Nathan Fernandes

Personal information
- Full name: Nathan Shane Fernandes
- Born: 26 April 2004 (age 22) Margao, Goa, India
- Batting: Left-handed
- Bowling: Slow left-arm orthodox
- Role: All rounder

Domestic team information
- 2023–present: Middlesex (squad no. 18)
- FC debut: 12 April 2024 Middlesex v Northants
- LA debut: 24 July 2024 Middlesex v Worcestershire

Career statistics
| Competition | FC | LA | T20 |
| Matches | 14 | 24 | 7 |
| Runs scored | 478 | 740 | 11 |
| Batting average | 20.78 | 35.23 | 2.75 |
| 100s/50s | 1/2 | 1/3 | 0/0 |
| Top score | 103 | 112 | 8 |
| Balls bowled | 313 | 324 | 78 |
| Wickets | 5 | 5 | 4 |
| Bowling average | 44.40 | 61.40 | 35.00 |
| 5 wickets in innings | 0 | 0 | 0 |
| 10 wickets in match | 0 | 0 | 0 |
| Best bowling | 3/53 | 2/31 | 1/6 |
| Catches/stumpings | 5/– | 5/– | 1/– |
- Source: Cricinfo, 27 September 2026

= Nathan Fernandes (cricketer) =

English cricketer

Nathan Shane Fernandes (born 26 April 2004) is an English professional cricketer who plays for Middlesex County Cricket Club. He is a left-arm orthodox spin bowler and left-handed batsman. He made his first-class cricket debut for Middlesex on 12 April 2024 against Northants. He made his T20 Blast debut for Middlesex against Surrey on 25 May 2023.

==Early life==
Fernandes is of Goan descent. He joined the Middlesex County Cricket Club Academy at U12 level. He was also a keen swimmer in his youth.

==Career==
In 2022, he featured six times in the 2nd XI Championship for Middlesex Second XI, scoring 171 runs. He also represented the England Young Lions.

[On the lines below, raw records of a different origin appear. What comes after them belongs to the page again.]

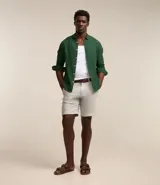 Bermuda de hombre en lino color gris claro, de corte recto, con textura discreta, bolsillos laterales y cierre frontal con botón y cremallera.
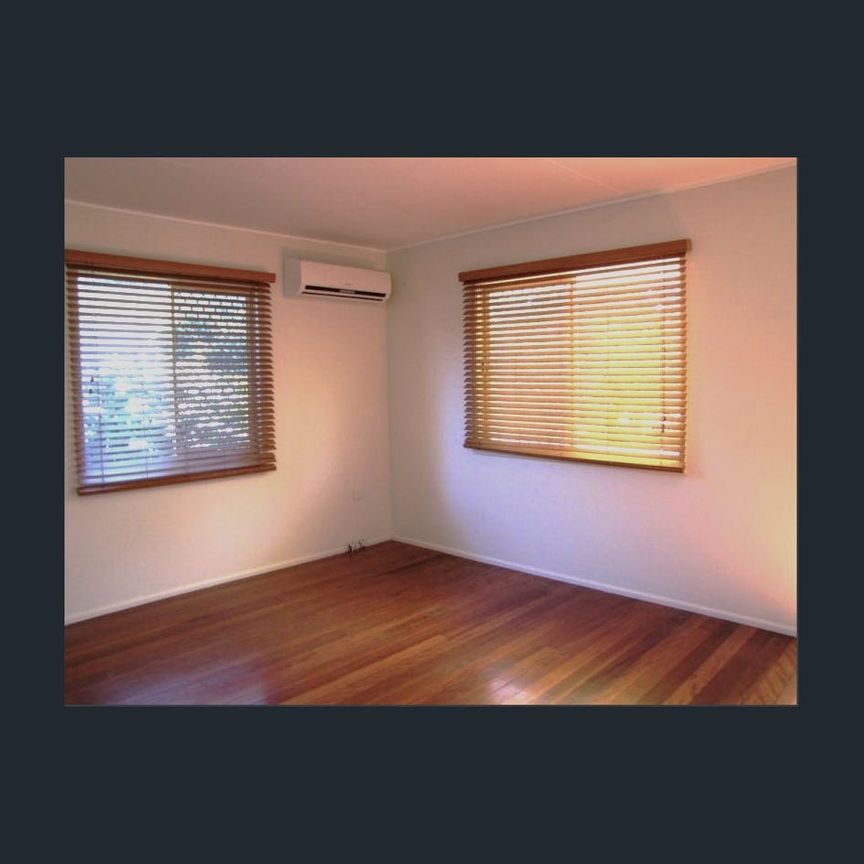 Charming Home with Timber Floors - Photo 1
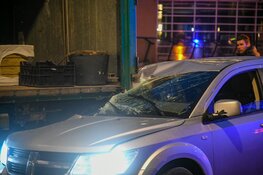 Auto botst achterop lossende vrachtwagen in Hilversum
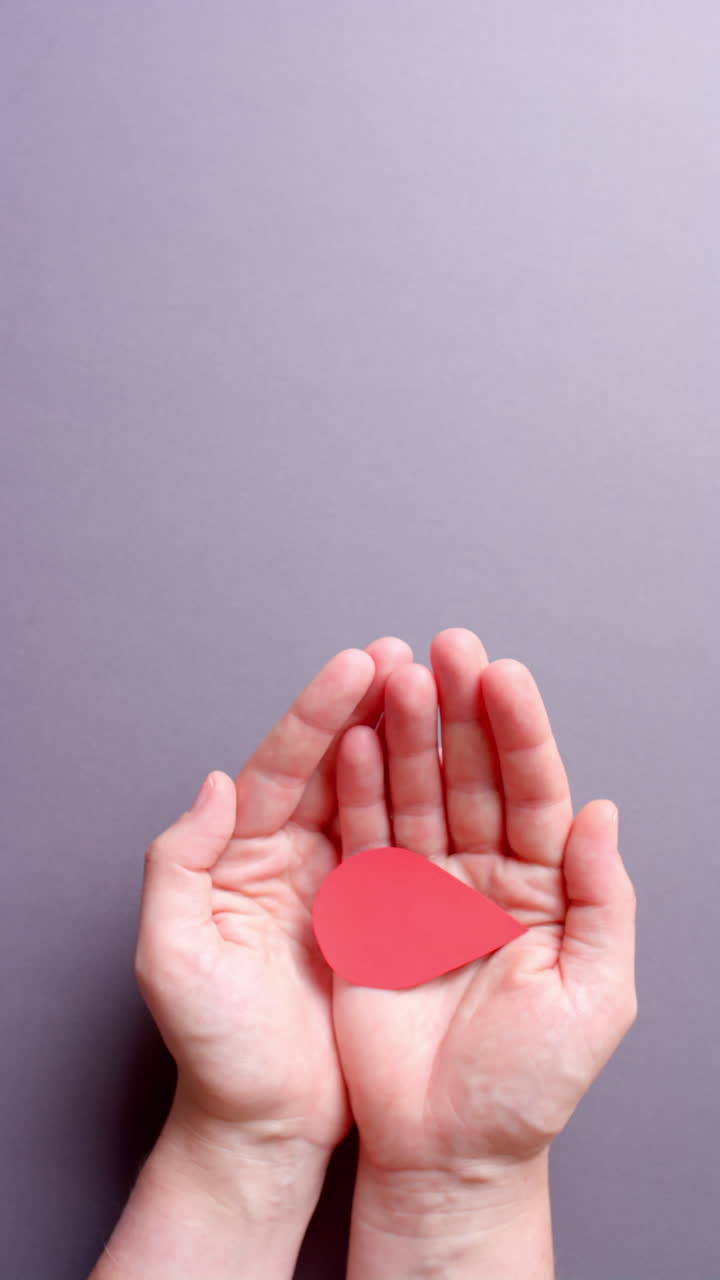 Vertical video of hands of caucasian man holding blood drop on grey background with copy space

Fernandes made his T20 Cricket debut for Middlesex on 25 May 2022, against Surrey. He took a wicket with his second ball, bowling to Sunil Narine in the power play. In November 2022, Fernandes signed a first professional contract with Middlesex.

He made his First-class cricket debut for Middlesex against Northants on 12 April 2024 aged 19 years-old. He scored 103 in the Middlesex first innings to become the youngest Middlesex first-class debutant to score a century since 1862.

Fernandes signed a new contract with Middlesex in February 2025, tying him into the club until the end of the 2027 season.

==Personal life==
Fernandes studied a Business and Management degree at Royal Holloway University.